Dissociation in dilute mixtures of shock heated in O2 and HCl in Ar

Abstract

The collision induced dissociation (CID) process in dilute mixtures of shock heated O2Ar and HClAr is investigated. The dissociation is assumed to occur from all vibrational levels. Numerical calculations are presented for the steady state dissociation rate constants at infinite dilution for both the truncated harmonic oscillator (THO) and Morse oscillator (MO) models. The effect of vibration-vibration (V-V) energy transfer processes on the dissociation is also investigated by calculating the steady state rate constants as a function of composition up to 20% of the diatom in these mixtures at 3500 K, 5000 K and 8500 K. The vibration-translation (V-T) energy transfer probabilities are obtained using SSH theory in the case of O2 and Moore’s theory in the case of HCl, and the V-V energy transfer probabilities are obtained using SSH theory in both the cases.
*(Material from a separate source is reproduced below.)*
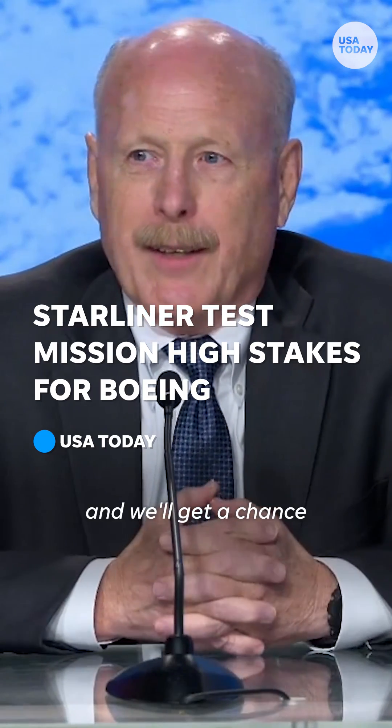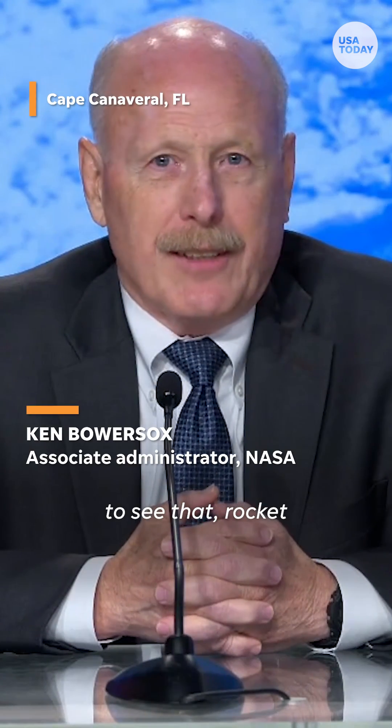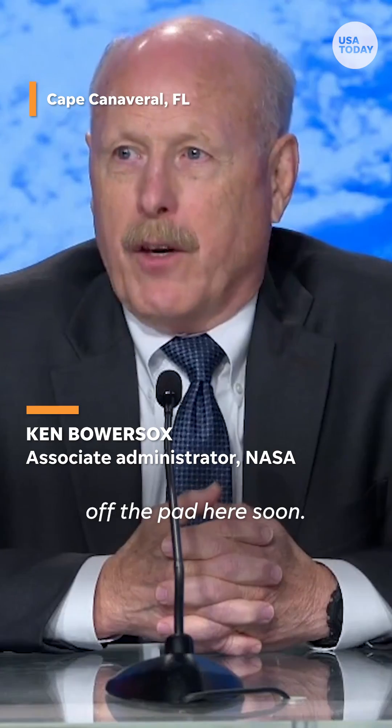Good things are worth waiting for, and we'll get a chance to see that rocket and spacecraft lift off the pad here soon.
The “vibrational bias” parameter λ, characterizing the CID probability, has been varied to fit the experimental data. The study shows that the effect of V-V transitions is dependent on the extent of depletion and the relative magnitudes of the V-V and V-T transition rates. Thus there is no effect on the rate in O2Ar while the rate is enhanced at 3500 K and 5000 K in HClAr mixtures.